When will we know 100% for sure?
Not until the Withdrawal Agreement is formally ratified, which is towards the end of 2018.

So what are your clients doing?
It depends on who they are. My guidance to all insurance clients has been that they should at least have a properly worked-through contingency plan, and indeed most do now have that.  Specifically, if a client is PRA authorised, they had to supply that to the PRA in July of last year. From then on, it is largely a matter of how exposed a client is to trading in the EU. If it is 100% mission-critical to a UK-based insurer client to be able to trade seamlessly in the EU, then they cannot really afford to wait until the transition period is finally confirmed or the details of the FTA become clear, which may in the latter case may not be until late 2019 or even 2020. Accordingly they will probably already have chosen their preferred EU location, have an authorised vehicle established, be a fair way down the process of on-boarding staff and infrastructure, and sorting out the legalities of transferring the existing portfolio of clients into the onshore entity. Insurance businesses for which a solution is important but not so critical are usually a bit further back in the process: they have selected their location and probably got it authorised but may not be so far down the road of spending money on people and kit and lawyers. Some businesses can afford to wait and they may have selected their location or a suitable interim trading partner. Others probably have to wait. This applies particularly to some insurance intermediaries who have the additional complexity of not yet knowing how the EU’s Insurance Distribution Directive will be interpreted by the various EU regulators.

For EEA-based insurers operating in the UK, the PRA issued a consultation paper on 20 December 2017. This proposed that, in considering an application for branch authorisation of existing UK operations, the PRA will undertake an assessment of regulatory equivalence and the ‘supervisability’ of the insurer.

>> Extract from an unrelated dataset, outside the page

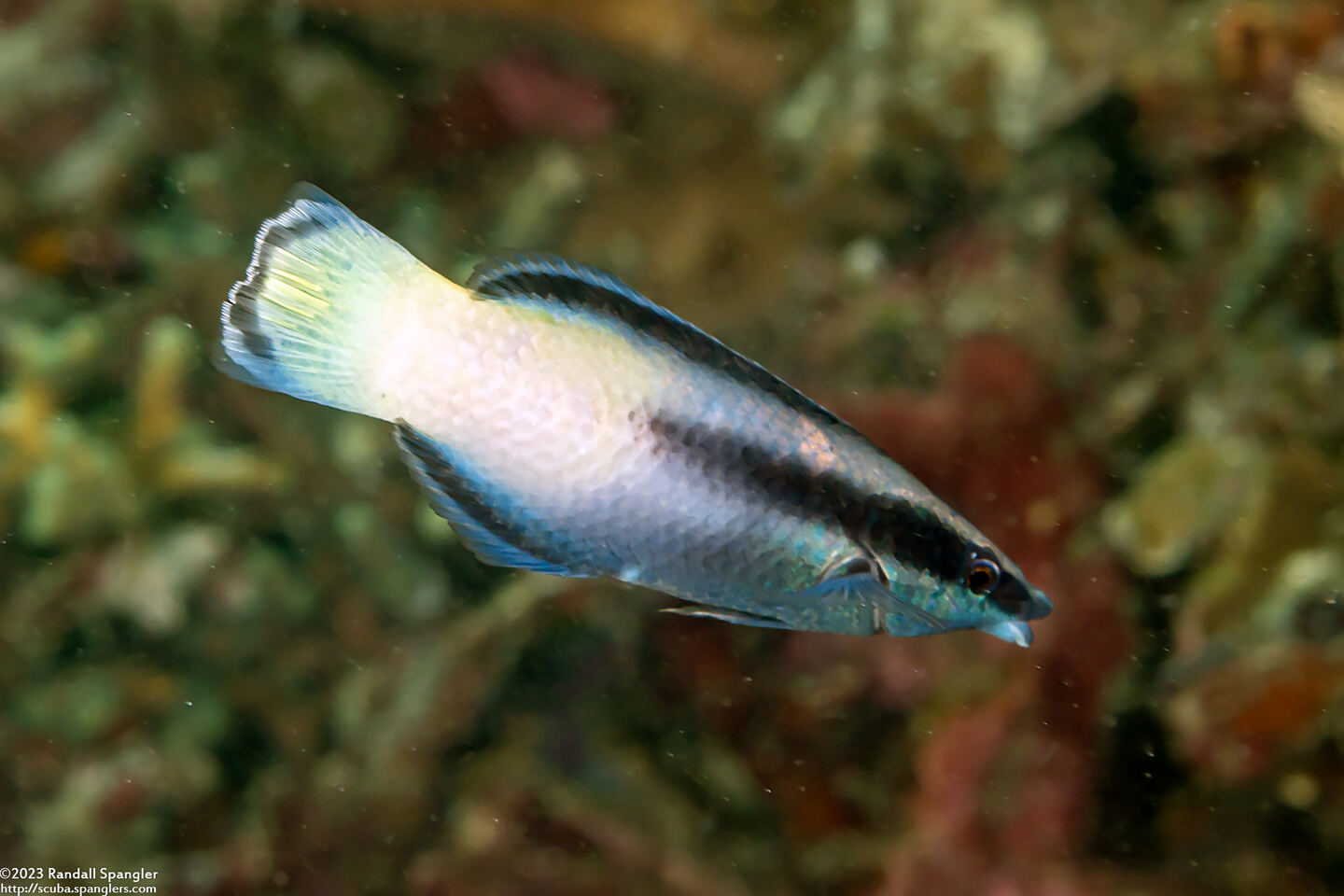 Labroides bicolor (Bicolor Cleaner Wrasse)
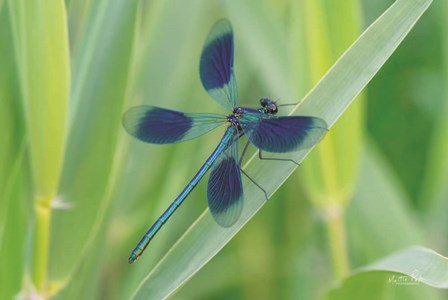 Damselfly in Blue by Martin Podt art print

This will look at whether the home jurisdiction’s prudential supervision regime is ‘broadly equivalent’ in an assessment of equivalence which is likely to be linked to formal determinations of equivalence in respect of Solvency II. The unstated implication was that in the first instance at least, the PRA would look favourably upon branch authorisations from EU-based insurers.

So what happens next?
Work can now commence on the FTA. Watch this space.